Data section
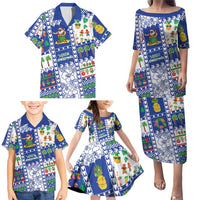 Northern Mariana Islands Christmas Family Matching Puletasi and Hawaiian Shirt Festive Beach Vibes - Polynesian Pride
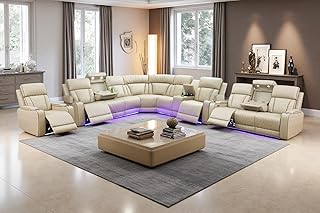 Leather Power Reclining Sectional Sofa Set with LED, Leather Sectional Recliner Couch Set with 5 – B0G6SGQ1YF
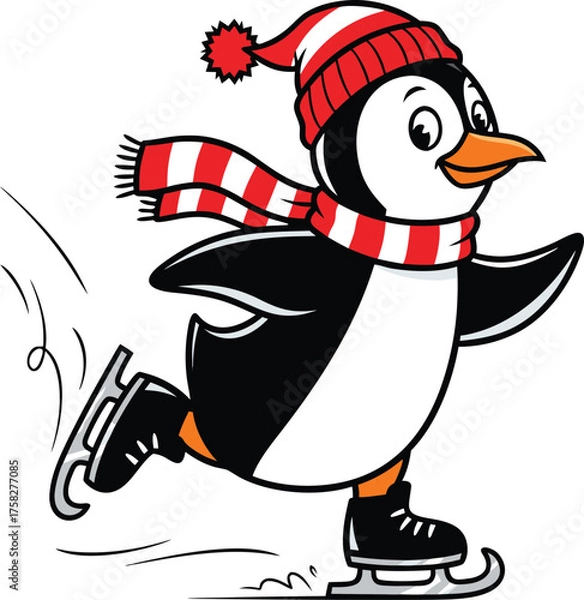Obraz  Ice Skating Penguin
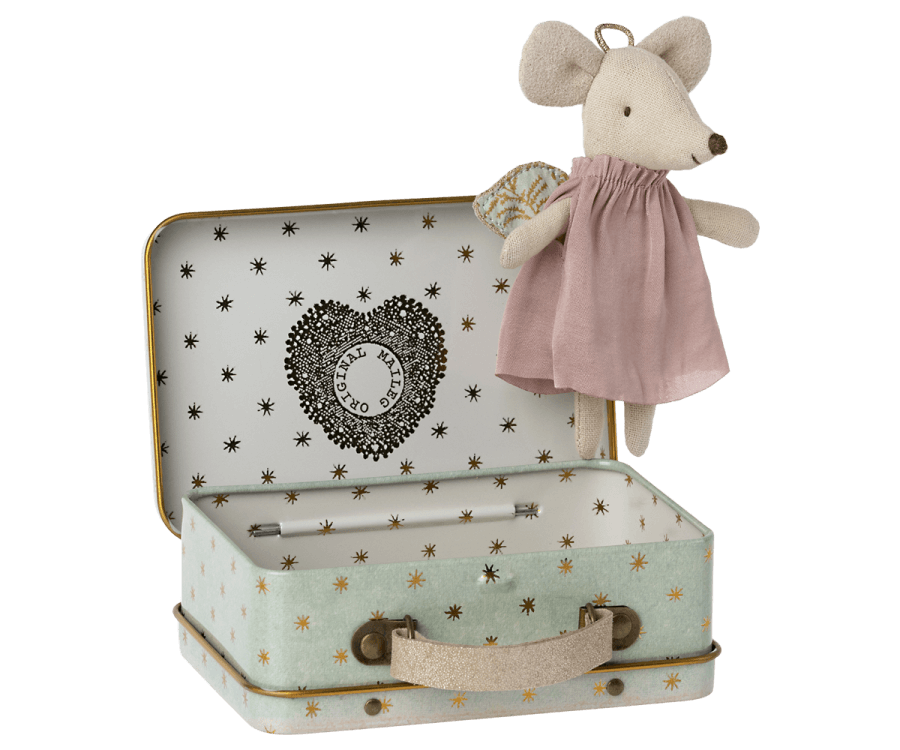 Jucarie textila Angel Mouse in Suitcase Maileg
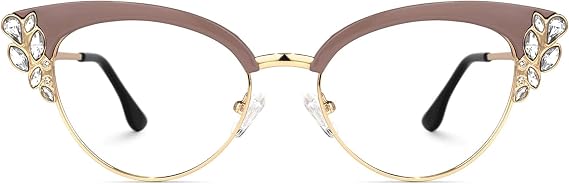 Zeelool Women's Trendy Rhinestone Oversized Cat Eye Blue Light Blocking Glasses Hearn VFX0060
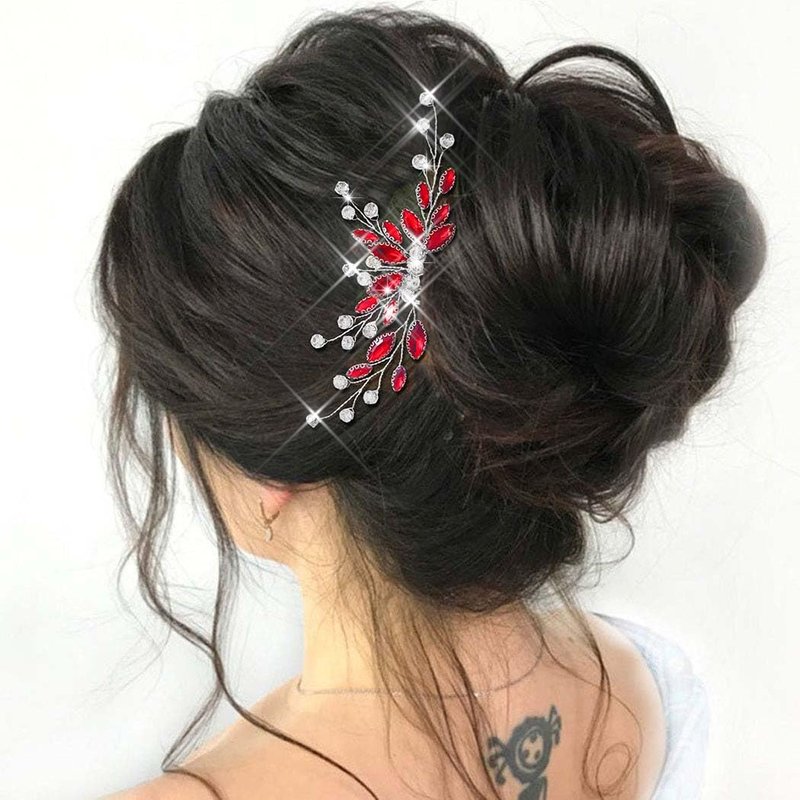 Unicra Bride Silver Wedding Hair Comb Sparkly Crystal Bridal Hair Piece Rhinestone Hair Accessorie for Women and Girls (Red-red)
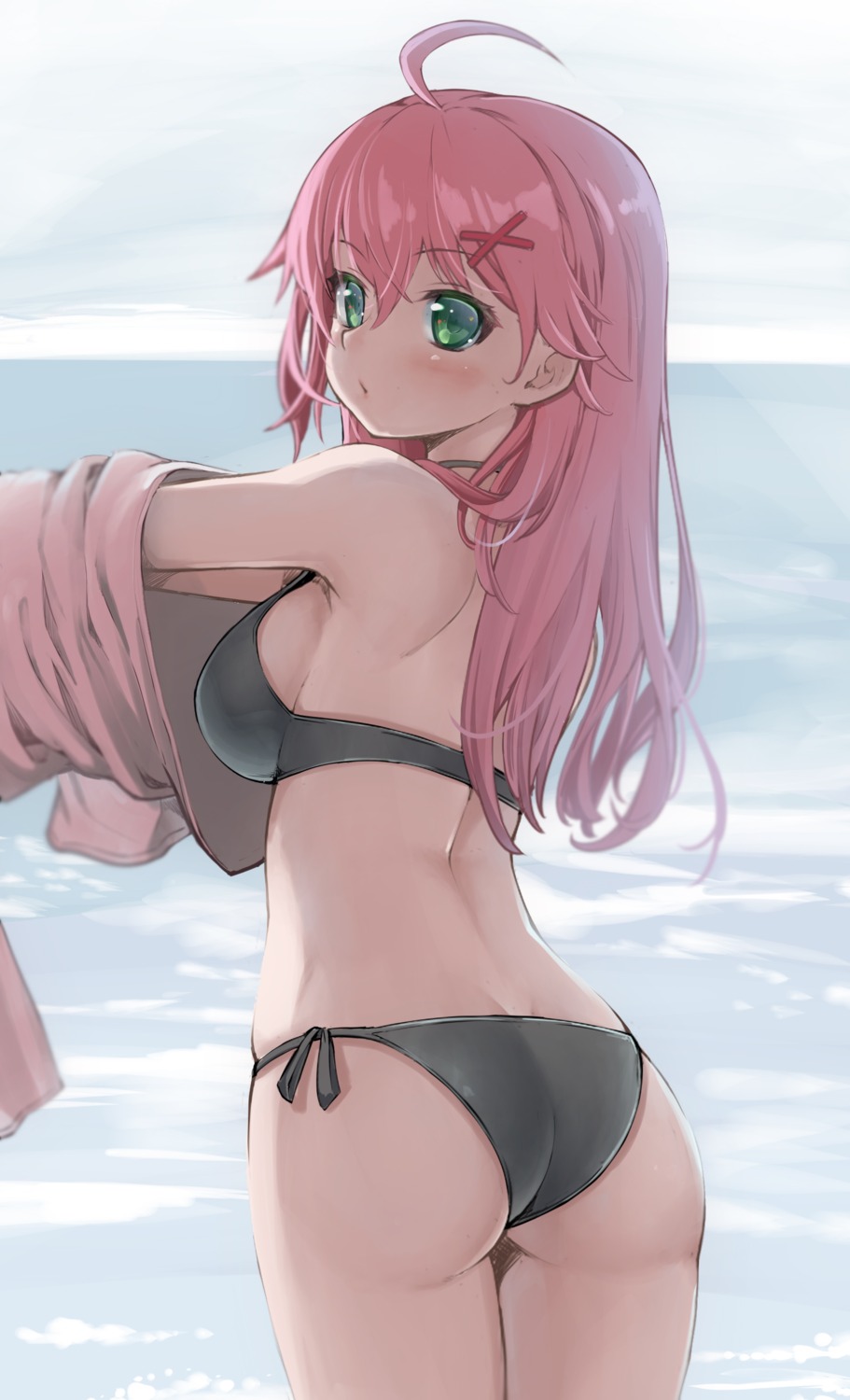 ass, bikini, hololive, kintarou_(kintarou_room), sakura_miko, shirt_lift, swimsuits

Assignment
Reproduce exactly, with every picture left out, the lines from the one that contains "Ice Skating Penguin" to the final line of the records above.

Response to this task
Obraz  Ice Skating Penguin
 Jucarie textila Angel Mouse in Suitcase Maileg
 Zeelool Women's Trendy Rhinestone Oversized Cat Eye Blue Light Blocking Glasses Hearn VFX0060
 Unicra Bride Silver Wedding Hair Comb Sparkly Crystal Bridal Hair Piece Rhinestone Hair Accessorie for Women and Girls (Red-red)
 ass, bikini, hololive, kintarou_(kintarou_room), sakura_miko, shirt_lift, swimsuits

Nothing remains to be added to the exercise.